**Given data**
[Start of section]

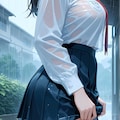 雨の中の女の子 8枚目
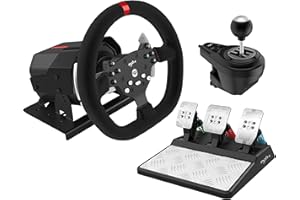 PXN V10 Force Feedback Volante, ruota da corsa Rotazione di 270/900°,Volante con Pedali e Leva di Cambio,Tool App,Doppia Levetta Da Corsa E Design Staccabile per PC, PS3, PS4, Xbox One, Xbox Series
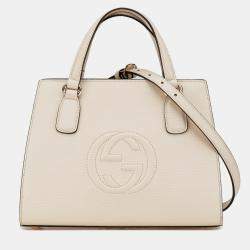 Gucci Cream Medium Dollar Calf Soho Satchel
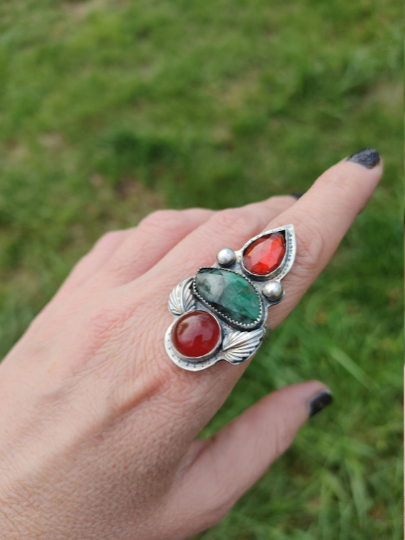 Large Statement Ring Hessonite Garnet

[End of section]

**The task**
Nothing but the pictures may be dropped; restate the material word for word.

**Answer for this exercise**
 雨の中の女の子 8枚目
 PXN V10 Force Feedback Volante, ruota da corsa Rotazione di 270/900°,Volante con Pedali e Leva di Cambio,Tool App,Doppia Levetta Da Corsa E Design Staccabile per PC, PS3, PS4, Xbox One, Xbox Series
 Gucci Cream Medium Dollar Calf Soho Satchel
 Large Statement Ring Hessonite Garnet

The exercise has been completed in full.